On the one hand, the selectivity to H₂ decreases from C₈H₁₈ conversions higher than ∼30% at 520 °C and 580 °C, and presents values between those obtained in SR and DR conditions, as expected. Note that, at these temperatures, it is not experimentally possible to obtain conversions lower than roughly 30% by decreasing the mass of catalyst. At 450 °C, conversions as low as 10% can be reached and an optimum in selectivity to H₂ can be seen: it increases up to 30% of C₈H₁₈ conversion, and then decreases. This type of evolution was not observed for SR (C₈H₁₈ + H₂O) and DR (C₈H₁₈ + CO₂) at 450 °C. However, the simultaneous presence of H₂O and CO₂ could be at the origin of this phenomenon. The presence of O₂, or more precisely, the possibility of a total oxidation, could be another possible explanation: for low C₈H₁₈ conversion, if total oxidation predominates the selectivity to H₂ will converge to zero. Although blank experiments reveal that the whole O₂ is consumed in homogeneous gas phase, the hypothesis that a part of O₂ reaches the catalyst surface is not excluded. The presence of an optimal selectivity to H₂ will be discussed more in detail in the next section.

On the other hand, the selectivity to CO increases up to 50% of C₈H₁₈ conversion, and then is constant, as observed for SR and DR conditions. As far as the selectivity to CH₄ is concerned, it increases continuously from 50% of C₈H₁₈ conversion. Thus, for REGR conditions, CO and CH₄ are not primary products, as it was established for the experiments in SR conditions.
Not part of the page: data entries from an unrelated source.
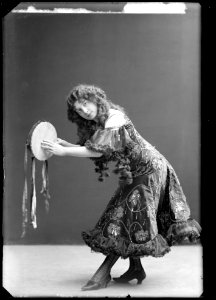 Miss Hansen, dancer - SMV - NH014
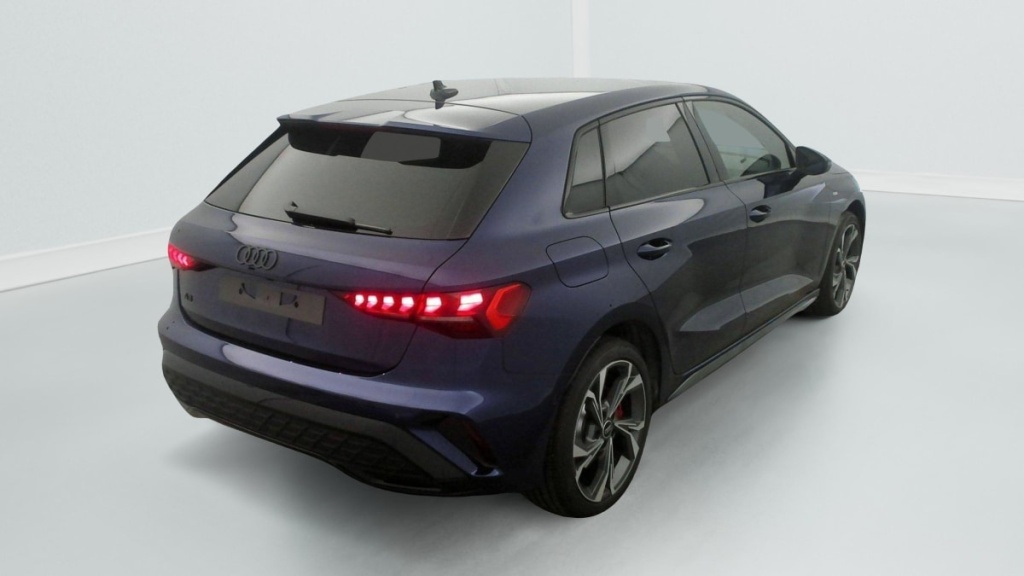 AUDI A3 Sportback 45 TFSI e Hybride rechargeable 272 S tronic 6 S line - ref: 1-372748 - Photo 7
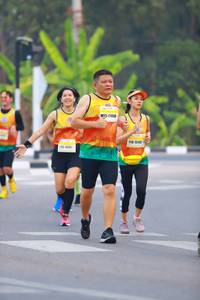 BIB: 17050, 142
                            <button type="button" onclick="openModal(7316152)" class="btn btn-primary btn-sm float-right btn-popup" data-toggle="modal" data-target=".modal-high-quality">
                        <i class="fas fa-shopping-cart"></i> Add to Cart
                    </button>
                                            <button type="button" onclick="isThisMe(7316152, true)" class="btn btn-success btn-sm float-right btn-popup btn-isme hidden" data-toggle="tooltip" data-placement="bottom" title="นี่คือรูปของคุณใช่ไหม คลิกที่นี่เพื่อเอาเข้าอัลบั้ม">
                        <i class="fas fa-plus"></i> Add to album
                    </button>
                    <button type="button" onclick="isThisMe(7316152, false)" class="btn btn-warning btn-sm float-right btn-popup btn-isnotme hidden">
                        <i class="fas fa-ban"></i> Remove from album
                    </button>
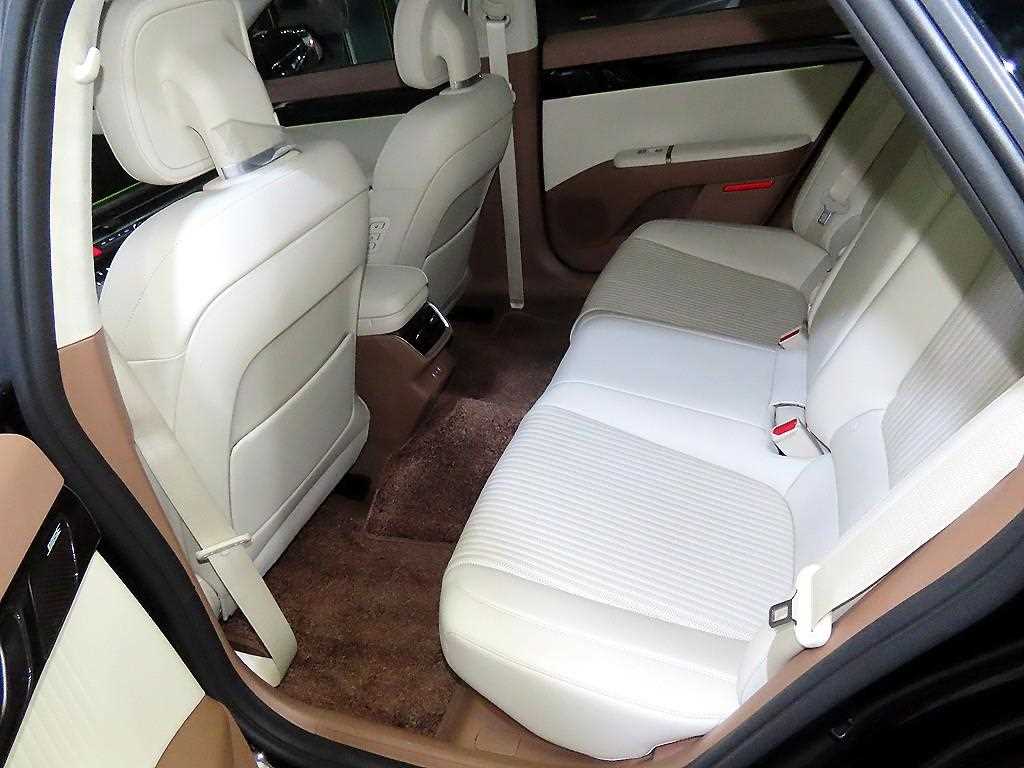HYUNDAI Grandeur - Vista 7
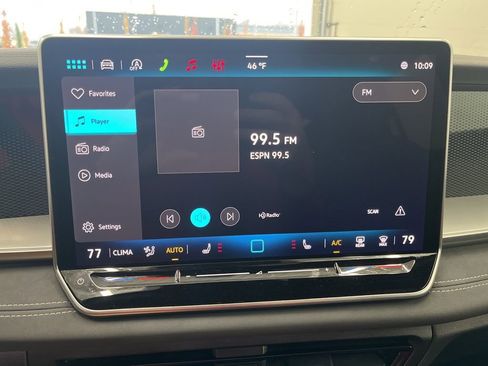 New 2026 Volkswagen Tiguan SE R-Line AWD/4WD image 23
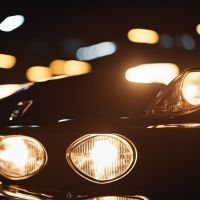 Changer vos ampoules de voiture : guide des feux de position
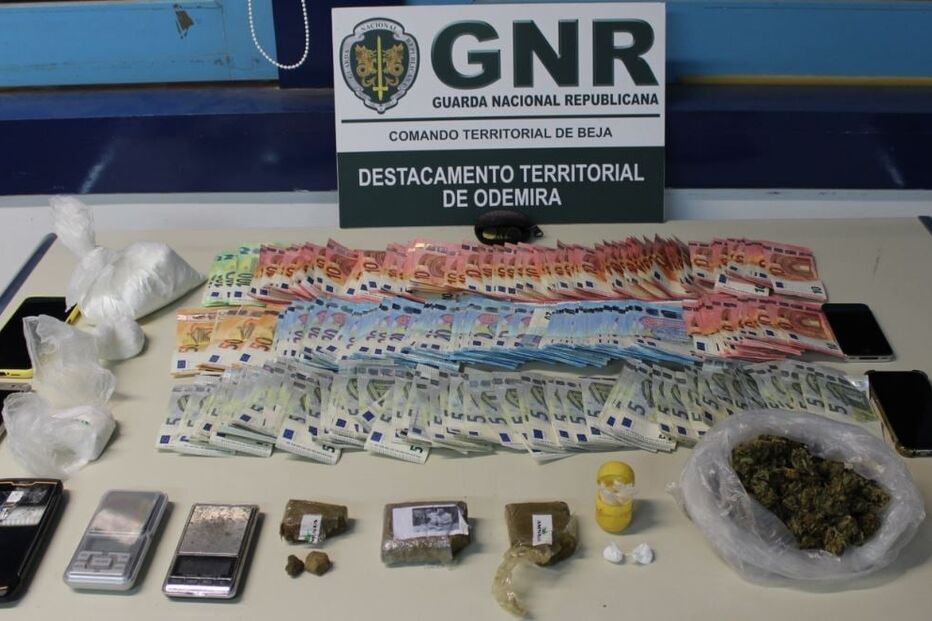 GNR deteve quatro homens em Vila Nova de Milfontes por tráfico de droga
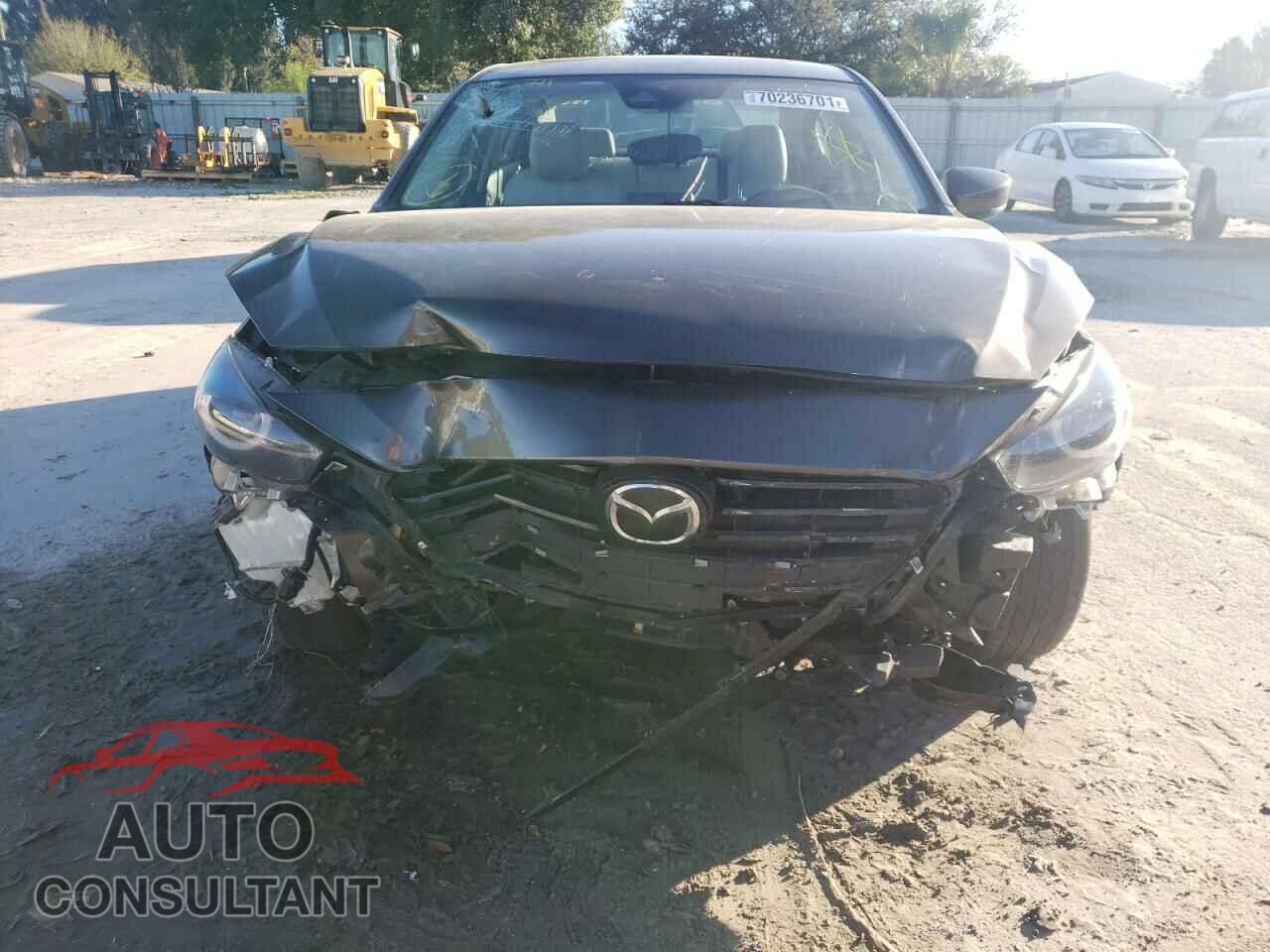 MAZDA 3 2017 - 3MZBN1W30HM130500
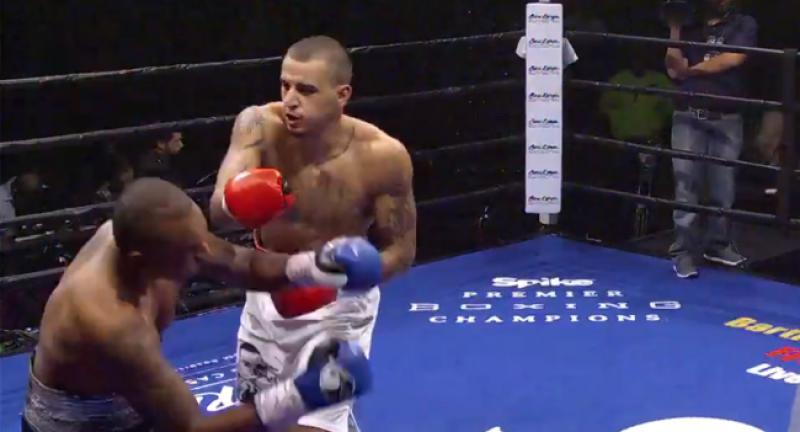 (VIDEO) Srpski boksač nokautirao protivnika dok mu je ovaj pružao ruku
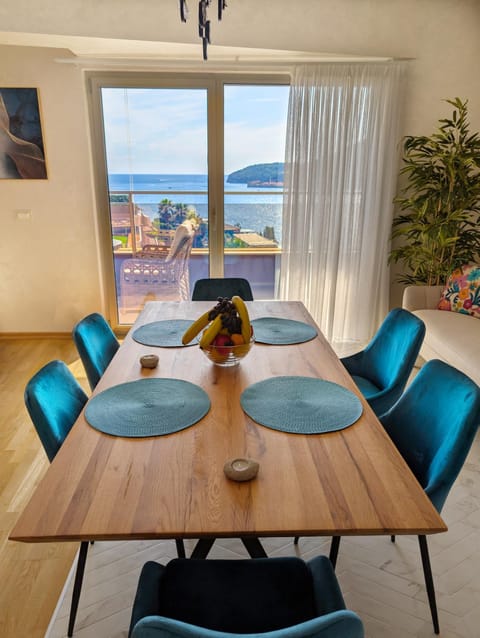 Lux Apartments Harmonia Apartment in Budva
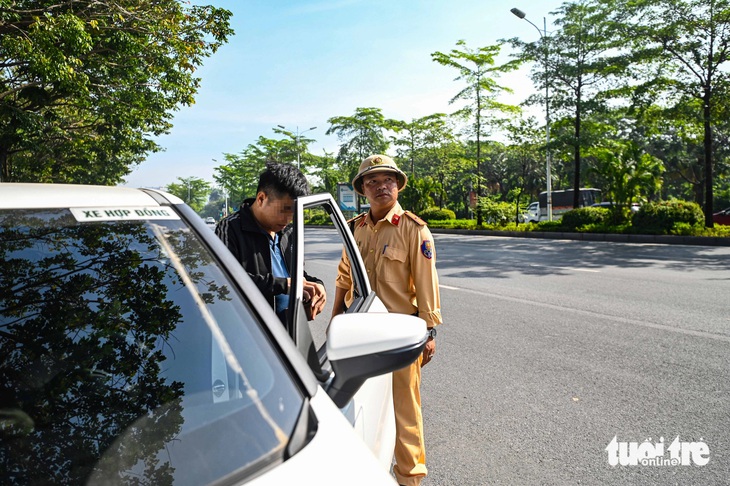 Ô tô dừng đỗ, đón khách bừa bãi trên phố Hà Nội: Tài xế nói 'không làm vậy sẽ mất khách' - Ảnh 1.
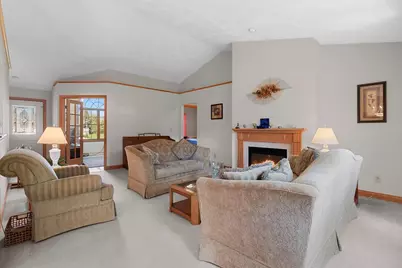 1326 Winter Wheat Drive, Neenah, WI 54956 - Photo 12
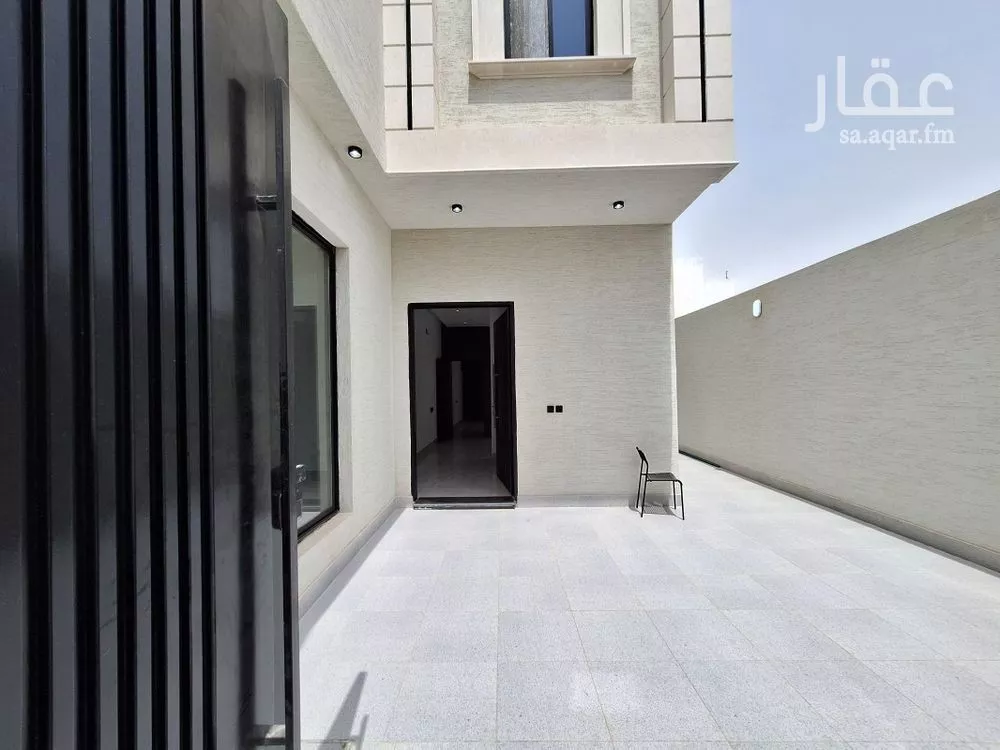 دور للبيع في شارع الرسالة, حي المعيزيلة, مدينة الرياض, منطقة الرياض 1 صورة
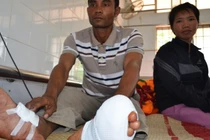 Kiểm lâm nổ súng AK “bắn lạc” trúng người dân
It can be inferred that the reaction scheme deduced from the experiments performed on SR and DR conditions can be extrapolated for REGR conditions. As the inlet gas contains a large amount of CO₂, it is not possible to determine its net production. CO₂ is very probably a primary product as observed in SR.

A comparison of SR, DR and REGR in terms of H₂ yield, obtained for different contact times at 450 °C, 520 °C and 580 °C, can be made from Fig. 5. It can be seen that the SR presents the most favorable conditions for H₂ production up to 80% of C₈H₁₈ conversion. Above this value the presence of CO₂ and O₂ (REGR conditions) becomes beneficial. For DR conditions, the absence of H₂O induces a drastic decrease in the H₂ yield, and a decrease in C₈H₁₈ conversion in the same W/F range.

Fig. 5 H₂ selectivity as a function of isooctane conversion at 450 °C, 520 °C and 580 °C for SR, DR and REGR conditions. Data obtained at different contact times.

3.4 Reactions involving methane production or consumption

One of the major problems associated with reforming reactions is the formation of methane. H₂ and CH₄ are most of the time thermodynamically and kinetically correlated: if CH₄ formation increases significantly, normally the H₂ production decreases (and vice-versa). Consequently, for this type of systems, it is important to find a catalyst that prevents CH₄ formation or is very active for methane conversion. It has been previously shown that methane is probably not a primary product in REGR conditions. One of the aims of the present study is to find the reactions leading to the formation or consumption of methane in the REGR conditions.

3.4.1. Methane Formation. The formation of CH₄ may result from the reactions between H₂ and CO or CO₂ (CO methanation, MetCO, or CO₂ methanation, MetCO₂),^18–20 H₂ and C₈H₁₈ (Hydrogenolysis, HYD)^21,22 and from C₈H₁₈ (Decomposition, DECOMP).^19,23 These four reactions were studied individually in conditions as close as possible to the REGR conditions (temperature of 580 °C, total pressure of 1.3 bar and WHSV of 137.8 h⁻¹). In REGR standard conditions (with C₈H₁₈ as reactant), the product distribution obtained at the beginning of the catalytic test is the following: H₂ (14.0 vol%), CO (8.0 vol%) and CH₄ (1.4 vol%). The inlet composition for the study of methane formation reaction was based on this product distribution for H₂ and CO and on the inlet composition in REGR conditions for CO₂ and C₈H₁₈, as detailed in Table 1(b). The results are reported in Table 2.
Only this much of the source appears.